Sex is determined by chromosomes in mammals and by temperature in many reptiles. But for sea lampreys — eel-like creatures that dine on blood — the growth rate of their larvae seems to control whether they are male or female. They are the first creatures known to undergo sex determination in this way.

Researchers know next to nothing about sex determination in sea lampreys (Petromyzon marinus) and have long been puzzled by the observation that some adult populations are mostly male, and others female. The fish begin their lives as larvae with undifferentiated sexual organs. After a year or so, they develop gonads, and after a few more years — the timing can vary — they metamorphose into adult sucker-mouthed parasites.

A team led by biologist Nick Johnson, at the US Geological Survey in Millersburg, Michigan, identified lamprey habitats in and near streams leading to the Great Lakes. Some areas were productive, with lots of food, whereas others were unproductive sites with little food. After taking measures to ensure no wild lamprey were present, they released between 1,500 and 3,000 wire-tagged larval lamprey into each of the study sites.

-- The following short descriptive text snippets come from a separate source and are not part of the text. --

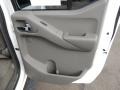 Avalanche White - Frontier SL Crew Cab Photo No. 12
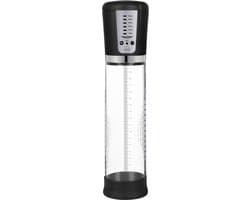 Power Escorts Power Pump Pro - Automatische Penis Pomp - Oplaadbaar - USB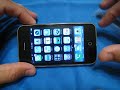 Power Support Anti Glare Install iPhone 3G Power Support Anti Glare Install iPhone 3G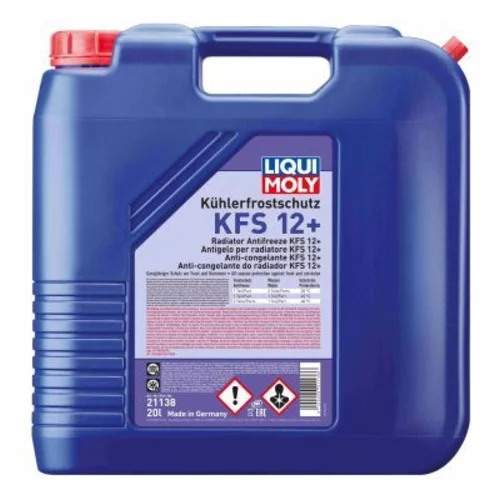 Nemrznúca kvapalina LIQUI MOLY 21138 20L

The researchers recaptured the tagged lamprey and checked their sex after the larvae had metamorphosed into adults and migrated upstream. They found that lamprey in productive streams with lots of food were larger, reached maturity earlier and were more likely to be female. But in unproductive sites, smaller, male lamprey dominated, Johnson’s team reports in a paper published on 29 March in Proceedings of the Royal Society B1.

Food for females

Johnson thinks that lampreys’ peculiar sex-determination system could have to do with larval density or nutrient availability. Larval lamprey grow larger when there are a lot of nutrients around, and eggs take a lot of energy to create. In a high-nutrient environment, it would make sense to produce eggs, explains Johnson.

Rike Stelkens, a zoologist at Stockholm University, is not surprised that lamprey seem to have such a bizarre mechanism of sex determination. “Fish have a crazy range of sex-determination types,” she says. “Some are influenced entirely by genes, others entirely by the environment. The finding that a life-history trait like growth rate affects sexual development makes sense.”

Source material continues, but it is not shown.